Duplicate events get ingested in winevtlog input plugin for fluent-bit 3.0.2.
Bug Report
Describe the bug
- Duplicate events get ingested in following case:
- When multiple channels are configured in the fluent-bit and
- An event_query containing multiple channels mentioned in above list is provided.
To Reproduce
- Configure an winevtlog input plugin.
- Make sure to have multiple channels configured in the config.
- Also, provide the value of an input query in which multiple channels are used for filtering the events.
- For example:
- name: winevtlog
tag: some-tag
alias: WIndows alias
storage.type: filesystem
channels: application,security,system
interval_sec: 5
read_existing_events: true
db: C:\Program Files\checkpoint.db
render_event_as_xml: true
read_limit_per_cycle: 2m
event_query: <QueryList><Query Id="0" Path="Application"><Select Path="Application">*[System[TimeCreated[@SystemTime>='2024-04-22T07:30:22.000Z' and @SystemTime<='2024-04-22T09:30:22.999Z']]]</Select><Select Path="Security">*[System[TimeCreated[@SystemTime>='2024-04-22T07:30:22.000Z' and @SystemTime<='2024-04-22T09:30:22.999Z']]]</Select><Select Path="System">*[System[TimeCreated[@SystemTime>='2024-04-22T07:30:22.000Z' and @SystemTime<='2024-04-22T09:30:22.999Z']]]</Select></Query></QueryList>
Expected behavior
- There should be no duplication of events.
Screenshots
-
Upon querying the sqlite DB it was observed that each row of channel configured in the input plugin the bookmark_xml maintains the offset of all channels provided in the event_query as well.
-
3 channels in both
channelsandevent_query: -
2 channels in both
channelsandevent_query. -
2 channels in
channelsand an emptyevent_query
Your Environment
- Version used: 3.0.2
- Operating System and version: Windows server 2022
- Filters and plugins: lua, modify
I reproduce your issue and I found a workaround for this case:
pipeline:
inputs:
- name: winevtlog
tag: some-tag
alias: WIndows alias
channels: application
interval_sec: 5
read_existing_events: true
db: .\checkpoint.db
render_event_as_xml: true
read_limit_per_cycle: 2m
event_query: |
<QueryList>
<Query Id="0" Path="Application">
<Select Path="Application">*[System[TimeCreated[@SystemTime>='2024-04-22T07:30:22.000Z' and @SystemTime<='2024-04-22T09:30:22.999Z']]]</Select>
</Query>
</QueryList>
- name: winevtlog
tag: some-tag
alias: WIndows alias
channels: security
interval_sec: 5
read_existing_events: true
db: .\checkpoint.db
render_event_as_xml: true
read_limit_per_cycle: 2m
event_query: |
<QueryList>
<Query Id="0" Path="Application">
<Select Path="Security">*[System[TimeCreated[@SystemTime>='2024-04-22T07:30:22.000Z' and @SystemTime<='2024-04-22T09:30:22.999Z']]]</Select>
</Query>
</QueryList>
- name: winevtlog
tag: some-tag
alias: WIndows alias
channels: system
interval_sec: 5
read_existing_events: true
db: .\checkpoint.db
render_event_as_xml: true
read_limit_per_cycle: 2m
event_query: |
<QueryList>
<Query Id="0" Path="Application">
<Select Path="System">*[System[TimeCreated[@SystemTime>='2024-04-22T07:30:22.000Z' and @SystemTime<='2024-04-22T09:30:22.999Z']]]</Select>
</Query>
</QueryList>
Meanwhile it needs to define the event_query per channels.

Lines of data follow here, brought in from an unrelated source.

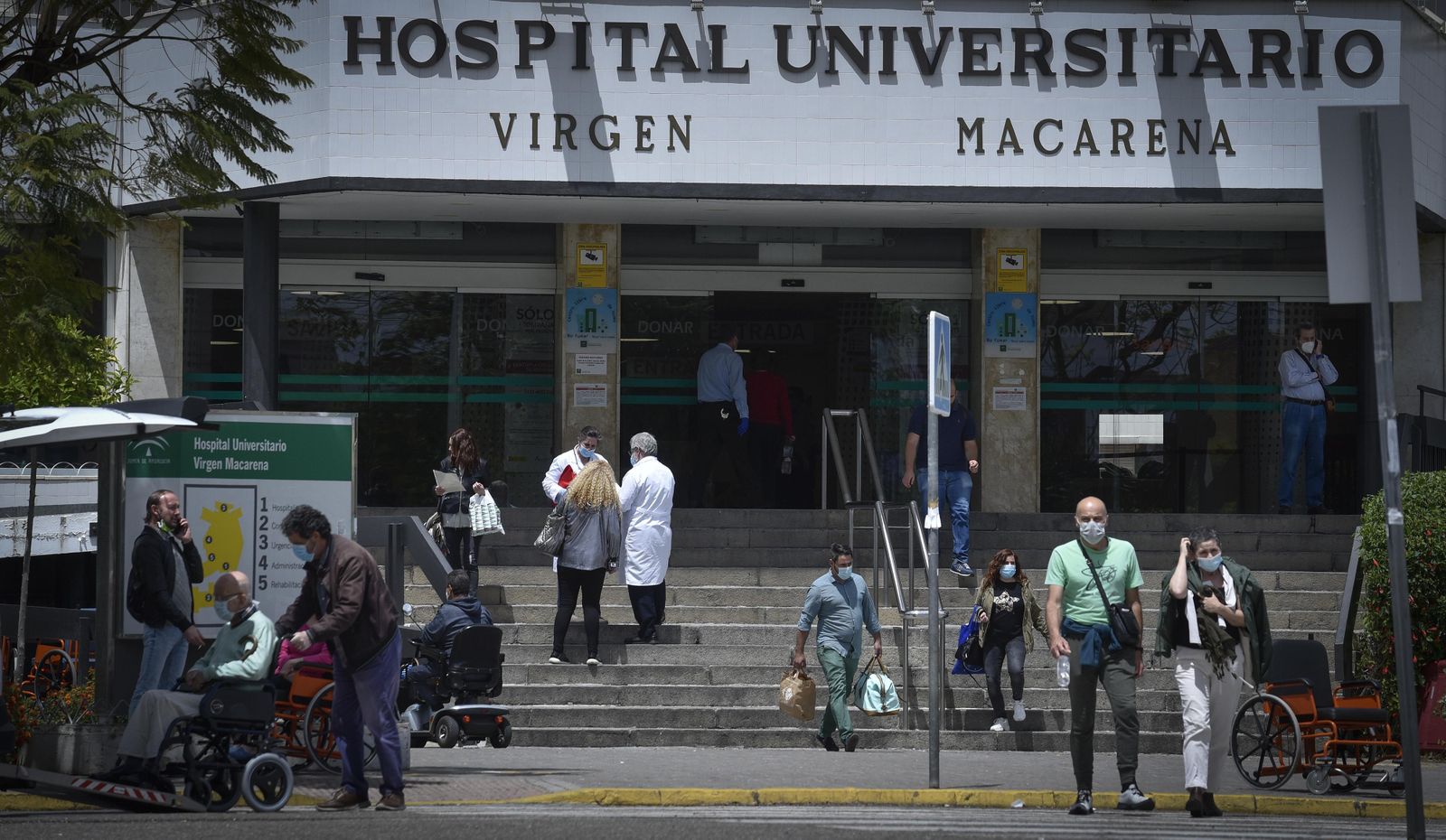 Varias personas y sanitarios coinciden en la puerta principal del Hospital Virgen Macarena.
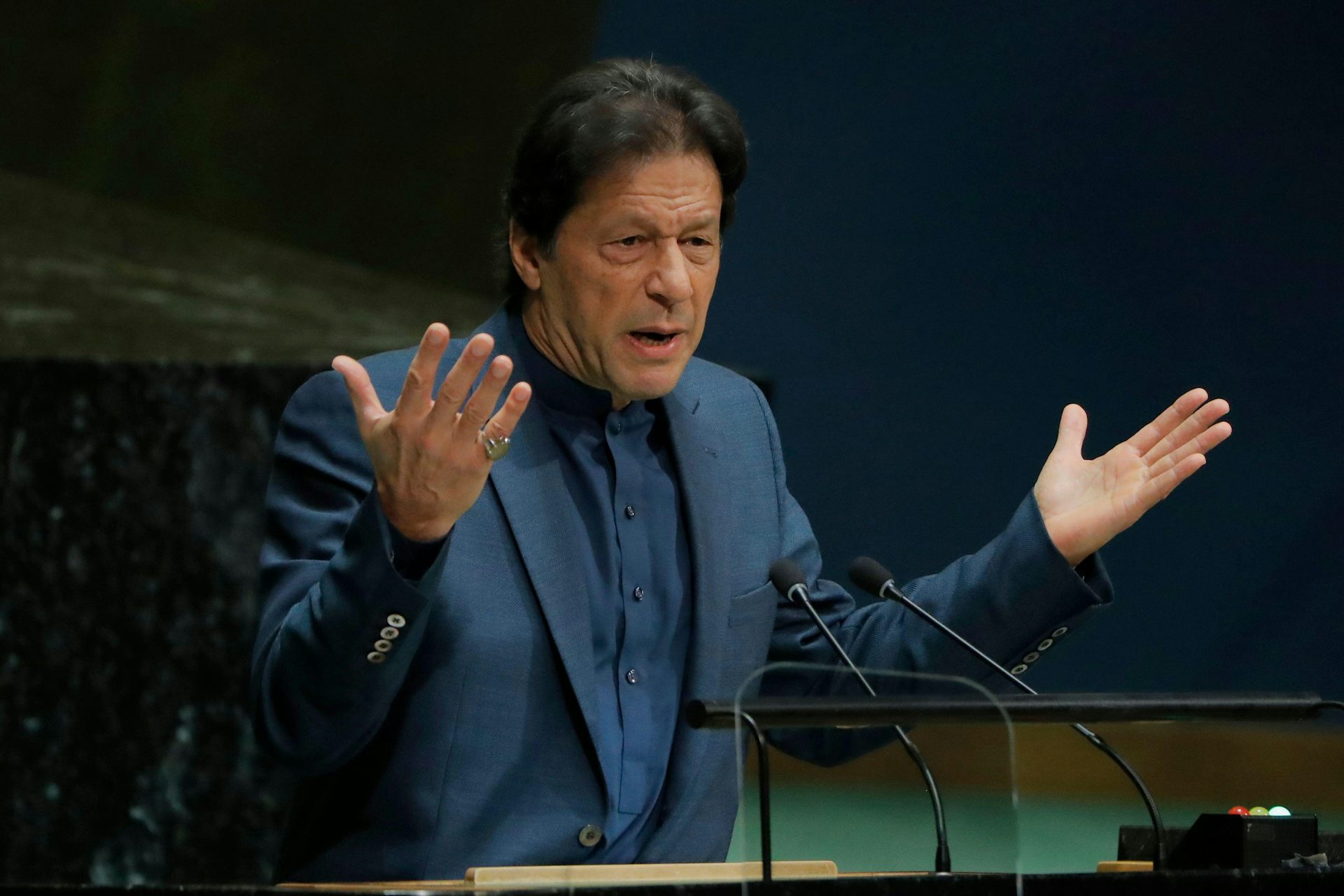 A man wearing a suit putting his hands in the air.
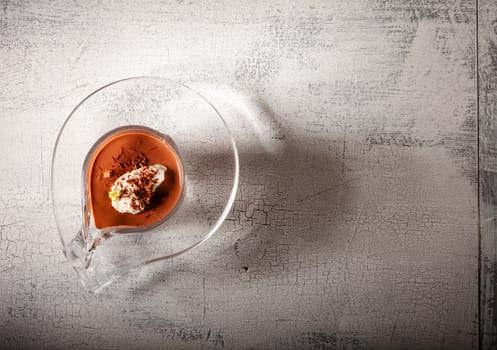 Glass with Chocolate Mousse Dessert served on a wooden surface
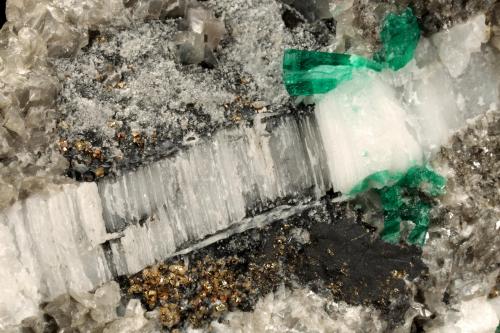 Beryl (variety emerald), Calcite, Pyrite<br />La Pita mining district, Cunas Mine, Municipio Maripí, Western Emerald Belt, Boyacá Department, Colombia<br />80x40x90mm - xls up to 8mm<br /> (Author: Fiebre Verde)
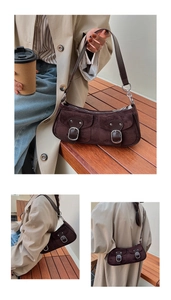 Détails du sac croissant en daim marron foncé avec boucles métalliques sur escalier en bois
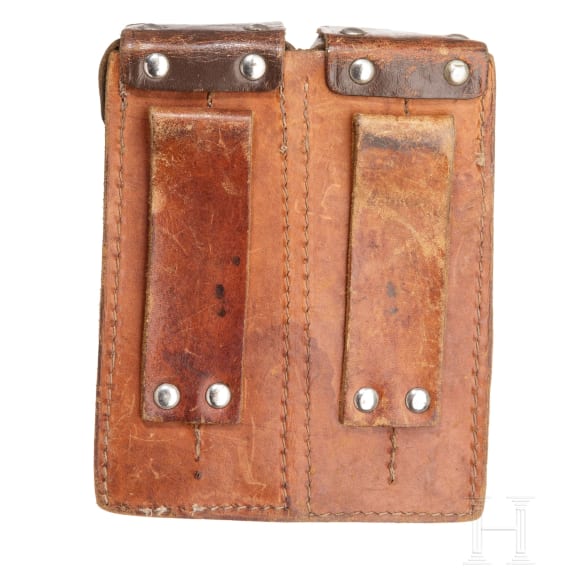 A Stechkin APS with two stocks an a double magazine pouch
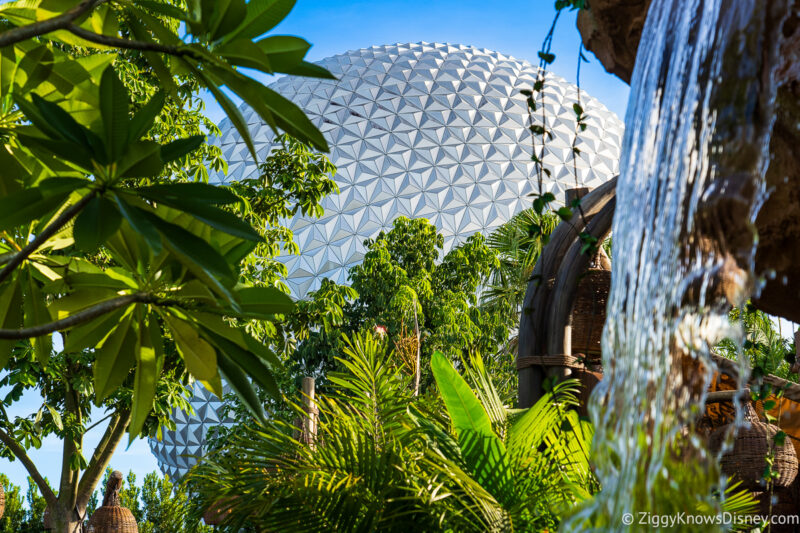 looking at Spaceship Earth through the trees Moana Journey of Water EPCOT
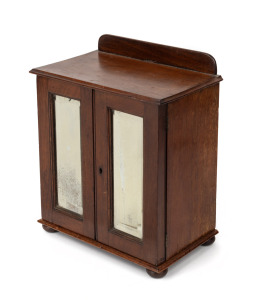 An antique walnut apprentice cabinet with two mirrored doors revealing four drawers, 19th/20th century, 32cm high, 26cm wide, 16cm deep.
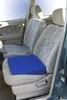 A blue seat cushion is placed on the driver's seat of a car. Produktbild-Vorschau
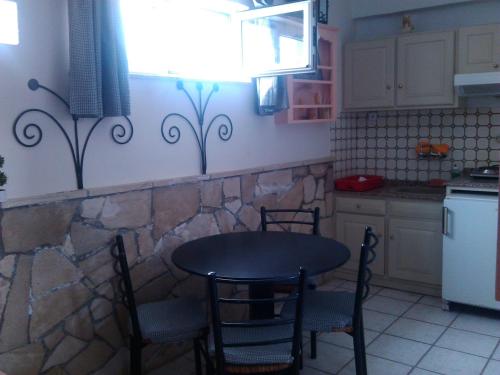 a kitchen with a table and chairs in a kitchen at Eleni Studios in Agios Nikolaos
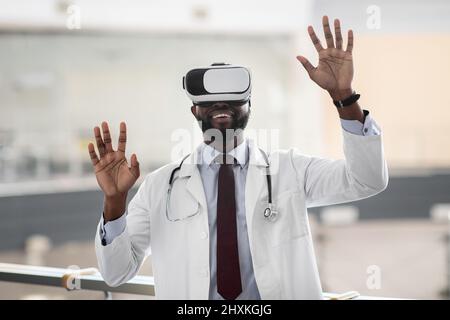 Excited african american doctor testing modern technologies in healtchare Stock Photo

This is because the bookmark will be forcibly restored the information which needs to subscribe channels. This shouldn't be expected behavior. So, defining one-by-one style shouldn't mixed up the conditions which should filter and collect Windows EventLogs.
If the channels are accepting multiple inputs, fluent bit should ideally have each stanza for query per channel in the configuration file. Is that correct understanding?
Above workaround might work but users who are already using this would be already facing this issue. Should this workaround be documented until fixed?
If the
channelsare accepting multiple inputs, fluent bit should ideally have each stanza for query per channel in the configuration file. Is that correct understanding?
Ideally, it's correct. However, Fluent Bit does not have the capability for now.
Above workaround might work but users who are already using this would be already facing this issue. Should this workaround be documented until fixed?
TBH, I have never heard that struggling things because QueryList with XML representation should be difficult to put in Fluent Bit configurations. Many of users should use easier configurations than yours.